In QM, you have one state \(|\psi\rangle\), but you can view it in different bases:

Position representation:

\[\psi(x) = \langle x | \psi \rangle\]

Momentum representation:

\[\tilde{\psi}(p) = \langle p | \psi \rangle\]

Key point: Same state, different coordinate systems.


GRL Analogue

In GRL, you have one field \(Q^+ \in \mathcal{H}_k\), but you can project it onto different subspaces:

Full augmented space:

\[Q^+(s, a) = \langle Q^+, k((s,a), \cdot) \rangle_{\mathcal{H}_k}\]

Action slice (fix state):

\[\psi_s(a) = Q^+(s, a) \quad \text{for fixed } s\]

State slice (fix action):

\[\phi_a(s) = Q^+(s, a) \quad \text{for fixed } a\]

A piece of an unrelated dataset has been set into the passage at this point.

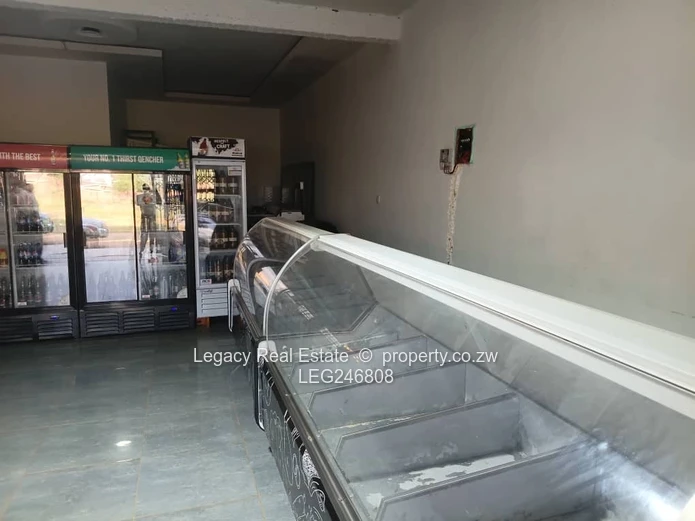 Haydon Park Shopping Mall Shop To Let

Concept projection (subspace):

\[Q^+_{\text{concept}} = P_k Q^+\]

Key insight: These are not different states—they're different projections of the same state \(Q^+\).


The Critical Distinction

Before we proceed, let's be absolutely clear about what's what:

Object Type Role
\(Q^+ \in \mathcal{H}_k\) State (the thing) The agent's knowledge, encoded as RKHS element
\(k(z, \cdot)\) Basis element (frame) Representational scaffolding, fixed
\(Q^+(z)\) Coordinate (view) Value of state in direction \(k(z, \cdot)\)

Crucial:

Basis vectors are fixed questions; the state is the system's answer.

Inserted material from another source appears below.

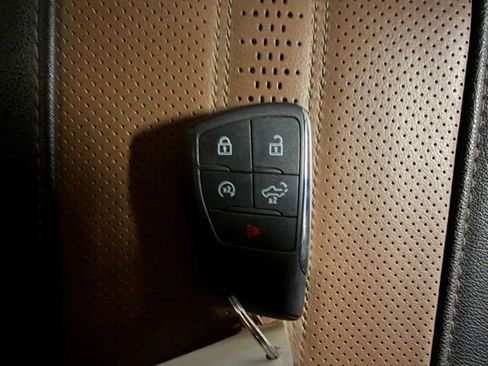 Used 2023 Chevrolet Silverado 1500 High Country w/ Technology Package image 47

When you compute \(Q^+(s, a)\), you're not creating a new state—you're asking: "What does the current state look like from this point of view?"

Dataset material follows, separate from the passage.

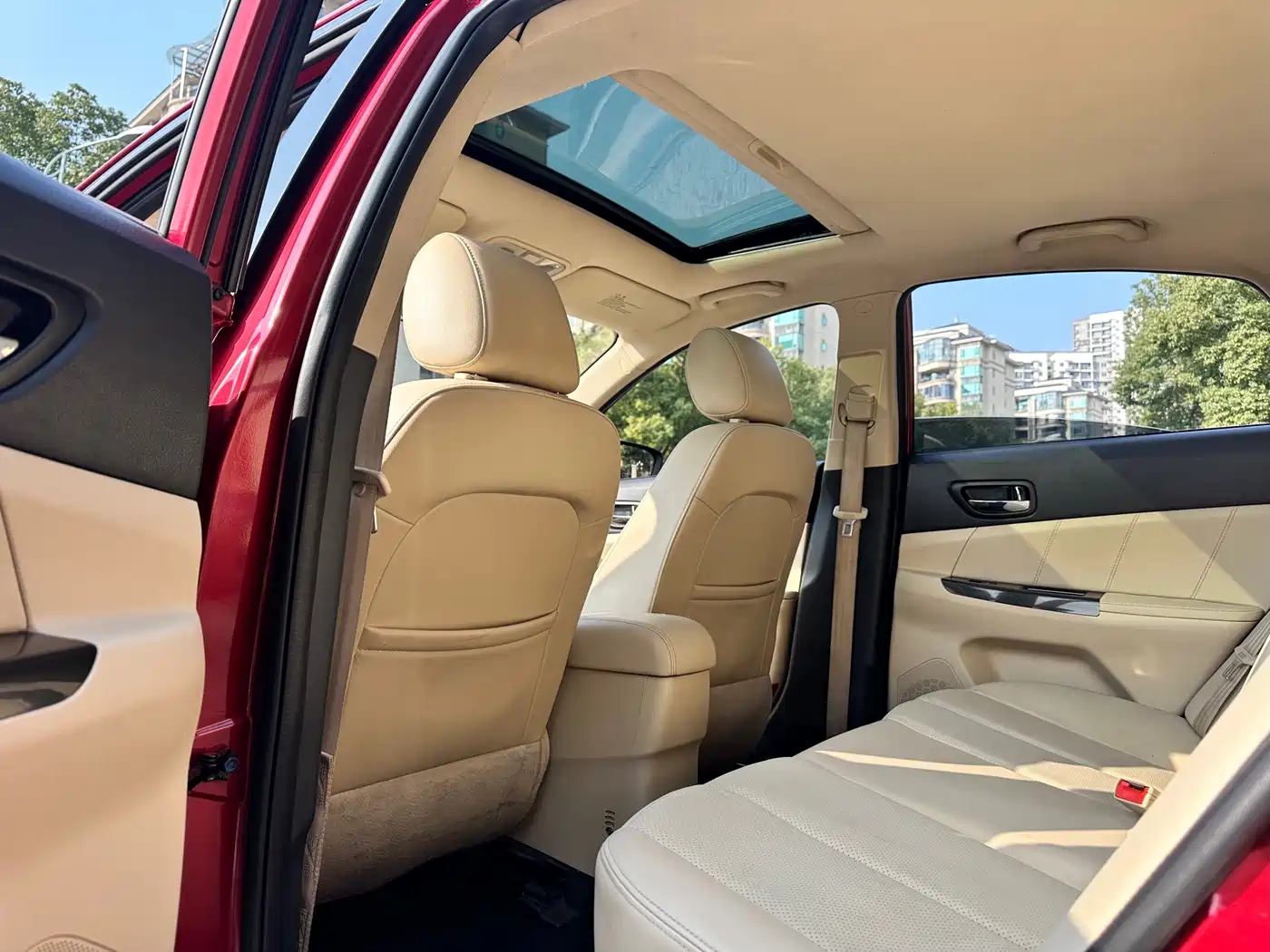 Фото 11 - Changan Eado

2. Action Wavefunction: \(\psi_s(a) = Q^+(s, a)\)

Definition

Fix the state \(s\) and let action \(a\) vary:

\[\psi_s: \Theta \to \mathbb{R}$$ $$\psi_s(a) := Q^+(s, a)\]

This gives you a function over the action space for a specific state.


What It Represents

\(\psi_s(a)\) is an amplitude field over actions, not a policy yet.

It encodes:

  • Compatibility between past experience and candidate actions
  • Multi-modality (multiple plausible actions can have high amplitude)
  • Smooth generalization across actions via kernel overlap

Visual intuition:

ψ_s(a)
  ^
  |        *         *
  |       ***       ***
  |      *****     *****
  |     *******   *******
  +--------------------------> a
      a₁        a₂

Two peaks suggest two good actions at state \(s\).


From Amplitude to Policy

To get a policy, apply the Boltzmann transformation:

\[\pi(a | s) = \frac{\exp(\beta \, \psi_s(a))}{\int_{\Theta} \exp(\beta \, \psi_s(a')) da'}\]

Analogy to QM:

  • Wavefunction \(\psi_s(a)\) → amplitude landscape
  • Boltzmann rule → measurement process (like Born rule)

Practical Use Cases

1. Continuous Control

Standard RL: Pick \(a^* = \arg\max_a Q(s, a)\) (one point)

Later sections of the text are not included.